Bill Elliott corvair at fnader.com
Tue Dec 30 16:13:55 EST 2008


Speaking of Europe, the latest proposed EU language (from the Federation 
Internationale des Vehicules Anciens) attempt to uniformly define a 
"Classic Car"  (and hopefully make them a protected class not subject to 
the more stringent upcoming EU regulations on non-classic vehicles). 
They have defined it as a car at least 30 years old in 2010 (meaning 
December 31, 1980 would be the cutoff production date), preserved and 
maintained in an historically correct condition, and not used as a means 
of daily transport.

Currently this is a non-rolling date, non-daily usage is not yet 
defined, it's not clear what sort of updates (such as radial tires or 
fuel injection) would still be considered "historically correct", and 
FIVA themselves admit that the strict definition does not adequately 
cover all historic/classic cars. But it's an important piece of work 
because it's the first time I'm aware of such a universal definition 
being attempted and it is sure to influence (at some level) potential 
legislation in this country.

Currently the UK has a 1973 non-rolling production date cutoff for 
classics (free road tax/ registration) and all cars must meet a rigorous 
annual MOT safety inspection.

Bill

hugh wrote:

>I read recently that the average age of a vehicle in this country is 9.2 years which surprised me.  This would mean that the Feds would be trying to get rid of 50% of the cars on the road.  I live in rural eastern North Carolina and I can attest to the age of vehicles in our area.
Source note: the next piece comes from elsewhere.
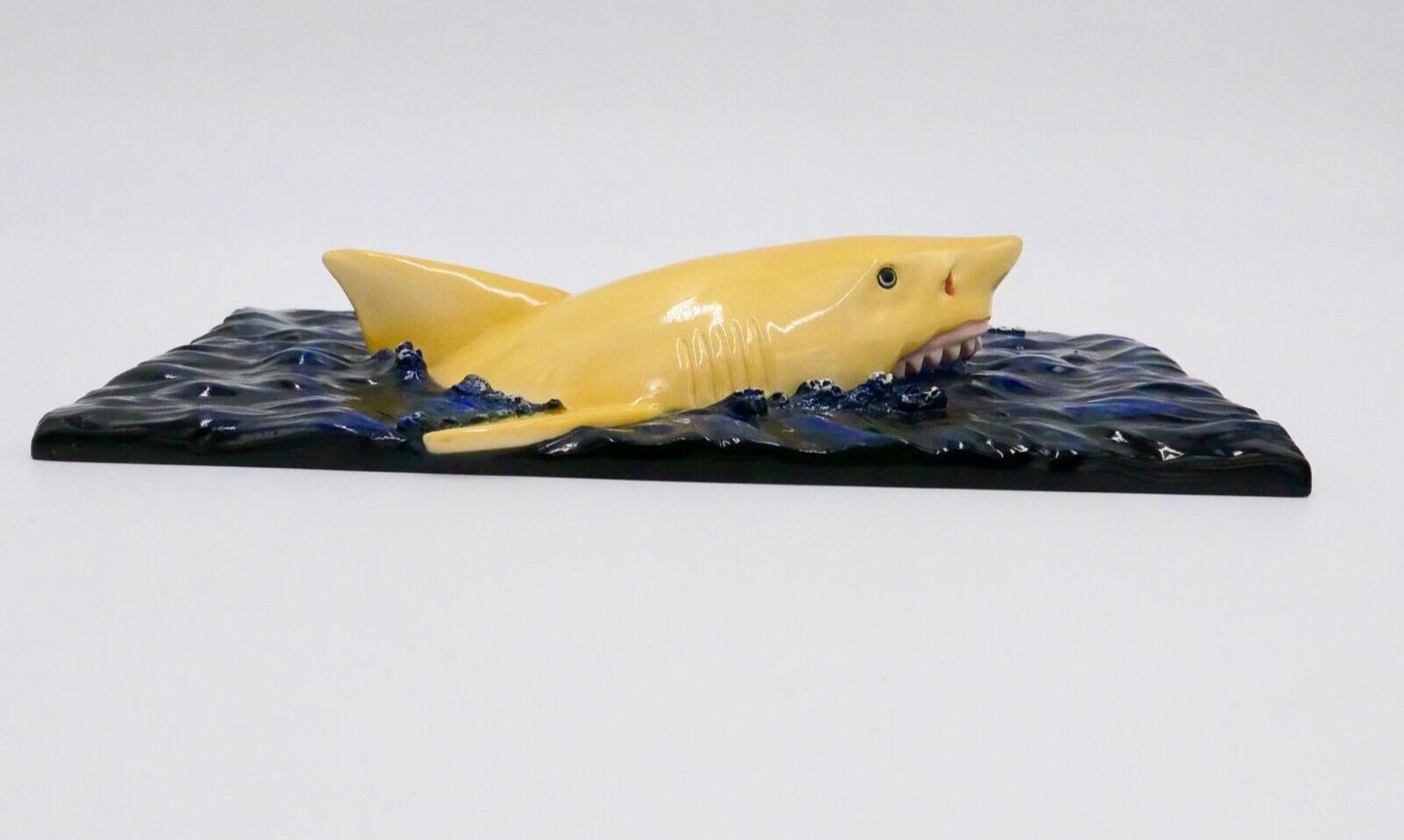 Basel World April 2008 Eintrittskarte BREITLING Display, Hai, Shark, Merchandise - Antikhandel-Stuttgart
There are a huge number of 80'a vehicles here that are in wonderful condition.  No rust leaves a nice car.  Put huge rims and thin tires and you have a version of a pimpmobile.  Where do they think our less well off fellow citizens are going to get the funds to buy something newer.  What we need to do is replace all representatives that have been there more then 10 first.  2 of my three Corvairs are in better shape visually and operationally then most of them.
>They tried this in England and it did not work out well.